API Extension Service Failure Due to Custom Helm Release Name

Article Number: 000022082

Environment

• Rancher v2.11.x

• Rancher deployed using a custom Helm release name other than the default (rancher) (e.g., rancher-stable).

Situation

Rancher v2.11 ships with a new API extension, v1.ext.cattle.io, which is required for internal Rancher cluster management components, such as the capi-controller-manager.
When Rancher is installed using a custom Helm release name, services relying on resources within this new API group fail to discover the API extension correctly, leading to functional disruption.
Engine logs for affected components may display synchronization errors indicating API discovery failure:

failed to sync schemas: unable to retrieve the complete list of server APIs: [ext.cattle.io/v1]: stale GroupVersion discovery: [ext.cattle.io/v1]

While standard Rancher Helm charts are designed to dynamically template labels and resource names based on the chosen release name, this specific extension service does not adhere to dynamic naming conventions.
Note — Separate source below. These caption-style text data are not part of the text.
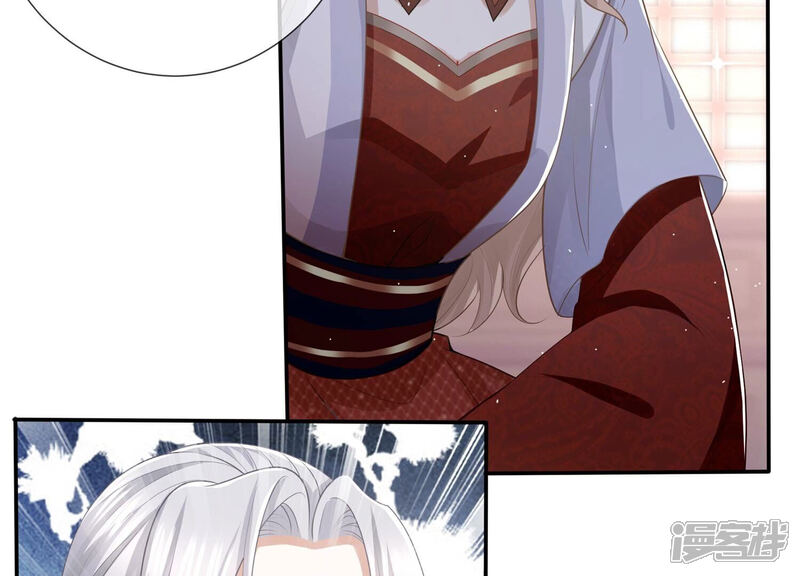 《反派宠妃太难当》第140话 一个不留 第16页
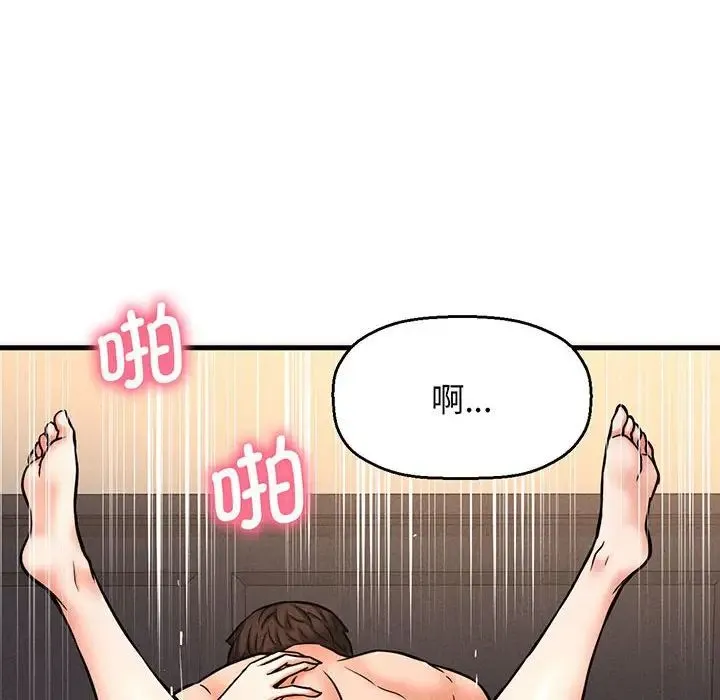 我的女王 第1话 第268页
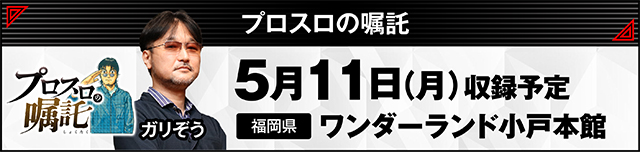 https://cdn.p-town.dmm.com/editor/ライティングZERO/000_douga_navi/2026/04tsuki/0410/kokuchi_0419_yoidai.jpg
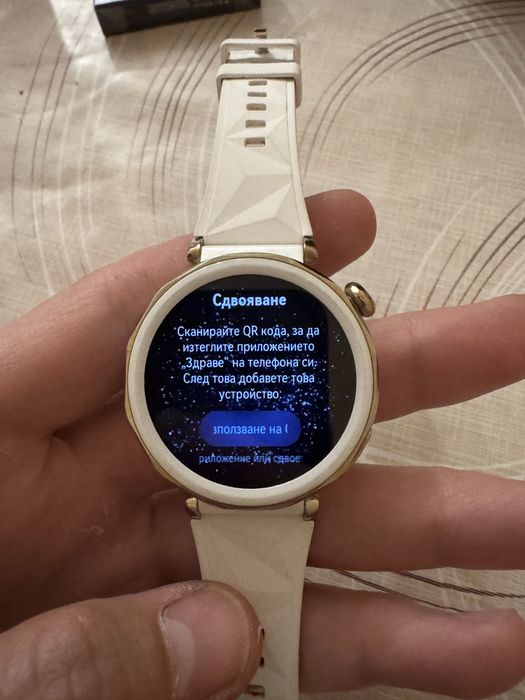 Huawei watch GT5 PRO 42mm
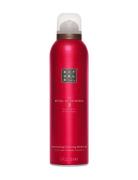 Rituals The Ritual Of Ayurveda Foaming Shower Gel Nude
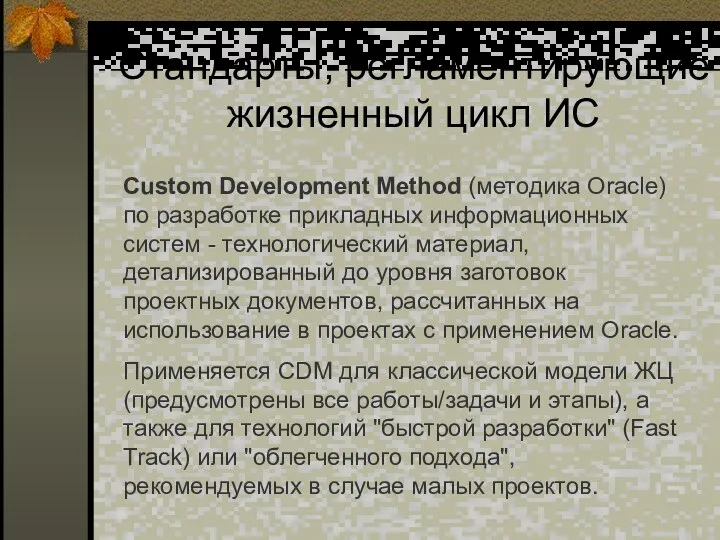 Стандарты, регламентирующие жизненный цикл ИС Custom Development Method (методика Oracle) по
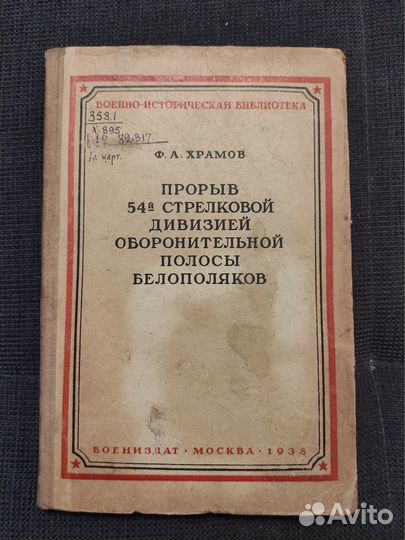 Книги о войне, знаменитых людях, жзл и другие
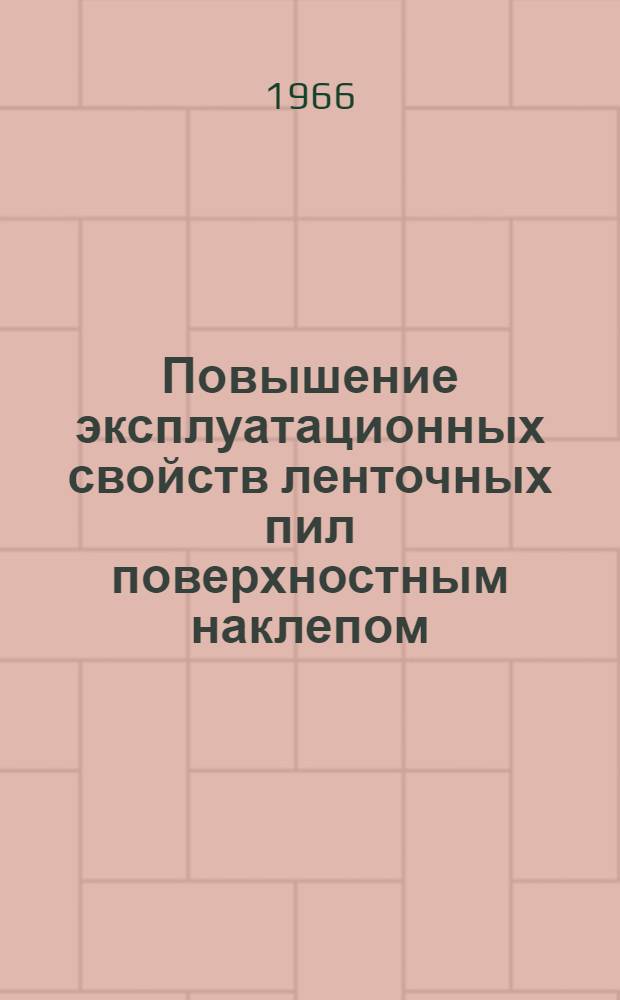 Повышение эксплуатационных свойств ленточных пил поверхностным наклепом : Автореферат дис. на соискание учен. степени канд. техн. наук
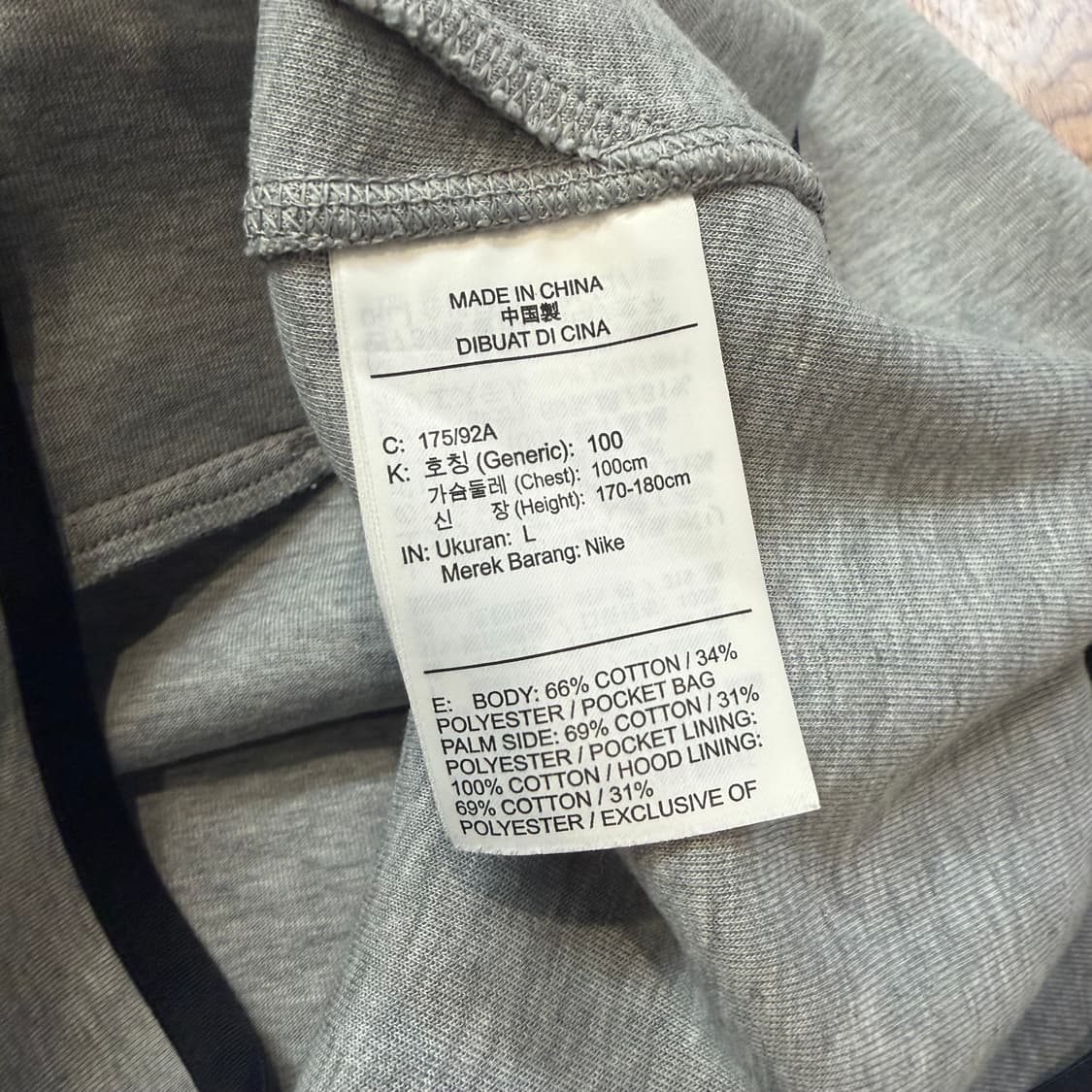 Nike 테크플리스 후드집업 상품이미지3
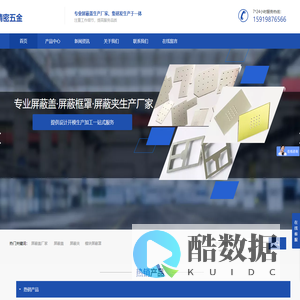 屏蔽罩-屏蔽盖-屏蔽框-金属屏蔽罩-屏蔽罩生产厂家[旭辉达]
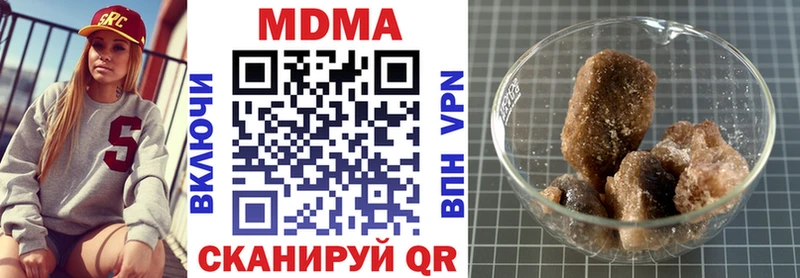 наркошоп  гидра ссылки  МДМА crystal  Шахты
Additionally, this backing service may persist in the `cattle-system` namespace if a rollback from Rancher 2.11 to a previous version is attempted.

Cause

The root cause is a software bug related to the hardcoded label selector configured for the API extension's backing service.

1. API Extension Service: The API extension is backed by the service `cattle-system/imperative-api-extension`.
2. Hardcoded Selector: This service contains a hardcoded label selector of `app: rancher`.
3. Label Mismatch: When a custom Helm release name (e.g., `rancher-stable`) is used, the Rancher deployment pods correctly receive an `app` label matching that name (e.g., `app: rancher-stable`).
4. Service Failure: Due to the label mismatch, the `imperative-api-extension` service cannot select the intended Rancher pods [User Query]. This prevents the proper registration of the `v1.ext.cattle.io` `APIService` via the Kubernetes API Aggregation Layer, resulting in the reported stale GroupVersion discovery errors.

This situation confirms a bug in the new `imperative-api-extension` feature, as it expects the static `app: rancher` label instead of dynamically resolving the name based on the Helm release. This issue is being tracked internally for a long-term resolution.

Changing Release Name Risk:

If you consider renaming your existing Helm chart release (e.g., from `rancher-stable` back to `rancher`), be advised that this process is highly disruptive: it forces a complete removal of the previous Rancher deployment and the creation of a fresh instance.

This action will cause the Rancher management plane UI/API to be unavailable during the entire process, although downstream cluster workloads are designed to remain functional.

Resolution

### Workaround: Manually Patch the Service Selector

The recommended immediate resolution is to manually edit the `imperative-api-extension` service selector to match the actual application label applied to the Rancher deployment pods.

1. Identify the Correct Application Label

Determine the actual application label used by your Rancher pods (this is usually your Helm release name, e.g., `rancher-stable`):

# Replace <RANCHER_RELEASE_NAME> with your actual Helm release name
kubectl get deployment <RANCHER_RELEASE_NAME> -n cattle-system -o yaml | grep 'app:'

2. Patch the Imperative API Extension Service

Patch the Service in the `cattle-system` namespace, replacing `<ACTUAL_APP_LABEL>` with the value found in the previous step:

kubectl patch svc imperative-api-extension -n cattle-system \
-p '{"spec":{"selector":{"app":"<ACTUAL_APP_LABEL>"}}}'

### Cleanup after Rollback (If applicable)

If this issue occurs after rolling back from Rancher v2.11 to a prior version, the `imperative-api-extension` service may persist.
If the service is orphaned and not required by the older Rancher version, you should manually delete it:

kubectl delete svc imperative-api-extension -n cattle-system

Deleting the service is a specific cleanup step, contrasting with the general Rancher rollback process which usually involves restoring state using the Rancher backup operator.
General best practices recommend taking backups (snapshots) before any major operation like an upgrade or rollback.